Birleşik Kürt Kadın Platformu'ndan çağrı: Sesimize kulak verin

  • 10:08 12 Temmuz 2019
  • Güncel
DİYARBAKIR - Birleşik Kürt Kadın Platformu, Federe Kürdistan’da hayata geçirilen operasyonlara ilişkin yayınladığı açıklamada, “Çatışmalı ortamların en büyük mağdurları ise öncellikle kadınlar ve çocuklar oluyor. Biz, Kürt kadınları olarak bu durumu asla bir kader olarak görmüyoruz. Bizim adımıza yürütülen ve bizi etkileyen siyasi gelişmelerde söz sahibi olmak istiyoruz” dedi.  
 
Diyarbakır'da 23 Aralık 2017'de "Kürt kadınları süreci tartışıyor" buluşması sonrası kadınların ulusal birlik çalışmalar kapsamında kurduğu “Platforma Yekitiya Jinên Kurd / Birleşik Kürt Kadın Platformu” Federe Kürdistan Bölgesi’nde Türk Silahlı Kuvvetleri (TSK) tarafından gerçekleştirilen operasyona ilişkin açıklama yayınladı. Platform tarafından yapılan açıklamada, farklı dünya görüşlerine, farklı siyasi anlayışlara sahip Kürt kadınları olarak bir araya gelindiğine dikkat çekilerek, temel amaçlarının da öncellikle Kürtler arası barış ve diyaloga katkı sunmak olduğunun altı çizildi.
 
Birleşik Kürt Kadın Platformu (Platforma Yekitiya Jinên Kurd) tarafından yapılan açıklama şu şekilde:
 
“Bugün Kürt halkının da içinde yer aldığı ülkeler, hassas bir dönemden geçmektedir. Irak ve Suriye’nin artık eskisi gibi iki şehir olarak kalmayacağı ortadadır. Bu durum karşısında ‘tedirgin’ olan Türkiye ve İran, yaşanan gelişmelerden pek hoşnut değiller.
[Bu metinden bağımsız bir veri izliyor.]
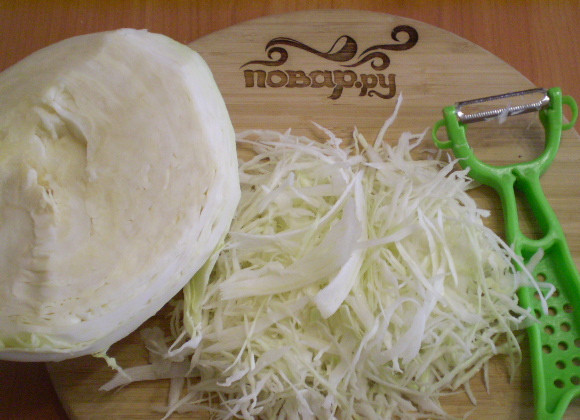 1. Этап. Солянка с грибами и капустой: Нашинкуйте тонко капусту.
Bundan ötürü bu iki ülkenin, Irak ve Suriye’yi dizayn etmeye yönelik çabaları var olan sorunları daha da büyütüyor ve ister istemez süper güçlerin devreye girmesine zemin hazırlıyor. Bugün Rojava’da olup bitenler, anlatmak istediğimiz durumu gayet açık bir şekilde ortaya koymaktadır.
 
‘Çatışmacı politikalar en çok bize yansıyor’
 
Türkiye ve İran’ın, Irak ve Suriye’nin ‘Toprak bütünlüğünü’ koruma adına yaptıkları müdahaleler, adı geçen ülkelerin dışında, Türkiye’de de çatışma, acı ve savaşa neden olmuştur. Tarihte her zaman benzerine şahit olduğumuz gibi, çağımızda yine böylesi bir süreçten geçiyoruz. Ortada var olan çatışmacı politikalar en çok bize yansıyor ve hatta ‘kardeş kavgası’ tehlikesini de yaratıyor.
 
‘Söz sahibi olmak istiyoruz’
 
Çatışmalı ortamların en büyük mağdurları ise öncellikle kadınlar ve çocuklar oluyor. Biz, Kürt kadınları olarak bu durumu asla bir kader olarak görmüyoruz. Bizim adımıza yürütülen ve bizi etkileyen siyasi gelişmelerde söz sahibi olmak istiyoruz.  Özellikle, Kürt halkının kendi arasında geliştirilmek istenen şiddet politikalarına, ‘DUR’ demek istiyoruz. Kürt halkının demokrasi ve ulusal haklarını elde etme mücadelesinin ancak ve ancak Kürtler arası diyalog ve barışçıl politikadan geçtiğine inanıyoruz.
 
Bu bağlamda, tüm Kürt politik aktörleri sesimize kulak vermeye çağırıyoruz. Kürt kadınları olarak, bundan böyle diyaloğu geliştirmek adına sık sık bu çağrıları yineleyeceğimizi de dile getiriyoruz.”